-------- DATASET CONTENT --------

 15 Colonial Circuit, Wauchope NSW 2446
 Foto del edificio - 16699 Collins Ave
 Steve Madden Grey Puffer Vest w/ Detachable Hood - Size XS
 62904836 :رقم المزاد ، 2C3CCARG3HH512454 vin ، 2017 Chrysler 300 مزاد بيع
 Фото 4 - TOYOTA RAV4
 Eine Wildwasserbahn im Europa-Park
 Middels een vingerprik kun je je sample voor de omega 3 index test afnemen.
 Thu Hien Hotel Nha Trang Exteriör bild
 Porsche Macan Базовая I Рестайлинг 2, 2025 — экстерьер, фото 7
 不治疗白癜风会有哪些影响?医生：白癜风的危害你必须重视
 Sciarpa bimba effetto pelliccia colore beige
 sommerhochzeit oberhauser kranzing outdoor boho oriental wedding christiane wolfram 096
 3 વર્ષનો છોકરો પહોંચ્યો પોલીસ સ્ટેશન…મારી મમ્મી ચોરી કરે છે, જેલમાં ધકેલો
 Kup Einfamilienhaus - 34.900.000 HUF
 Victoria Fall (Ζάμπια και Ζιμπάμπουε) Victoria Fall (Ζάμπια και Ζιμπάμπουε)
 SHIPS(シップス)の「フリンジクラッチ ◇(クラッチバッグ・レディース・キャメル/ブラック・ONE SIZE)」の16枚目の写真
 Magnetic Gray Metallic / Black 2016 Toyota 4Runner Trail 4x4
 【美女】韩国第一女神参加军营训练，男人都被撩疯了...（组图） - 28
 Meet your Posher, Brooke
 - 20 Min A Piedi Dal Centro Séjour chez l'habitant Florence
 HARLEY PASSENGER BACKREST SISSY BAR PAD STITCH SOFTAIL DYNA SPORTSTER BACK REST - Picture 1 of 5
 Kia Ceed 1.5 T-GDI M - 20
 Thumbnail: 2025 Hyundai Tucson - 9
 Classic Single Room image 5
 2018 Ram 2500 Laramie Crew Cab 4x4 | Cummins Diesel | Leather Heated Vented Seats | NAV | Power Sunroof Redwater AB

--------

→ **ASSIGNMENT**
Repeat, with no changes, each line from the one with "Victoria Fall (Ζάμπια και Ζιμπάμπουε) Victoria" to the end of the listing, including both ends and nothing else.

→ **RESULT BELOW**
 Victoria Fall (Ζάμπια και Ζιμπάμπουε) Victoria Fall (Ζάμπια και Ζιμπάμπουε)
 SHIPS(シップス)の「フリンジクラッチ ◇(クラッチバッグ・レディース・キャメル/ブラック・ONE SIZE)」の16枚目の写真
 Magnetic Gray Metallic / Black 2016 Toyota 4Runner Trail 4x4
 【美女】韩国第一女神参加军营训练，男人都被撩疯了...（组图） - 28
 Meet your Posher, Brooke
 - 20 Min A Piedi Dal Centro Séjour chez l'habitant Florence
 HARLEY PASSENGER BACKREST SISSY BAR PAD STITCH SOFTAIL DYNA SPORTSTER BACK REST - Picture 1 of 5
 Kia Ceed 1.5 T-GDI M - 20
 Thumbnail: 2025 Hyundai Tucson - 9
 Classic Single Room image 5
 2018 Ram 2500 Laramie Crew Cab 4x4 | Cummins Diesel | Leather Heated Vented Seats | NAV | Power Sunroof Redwater AB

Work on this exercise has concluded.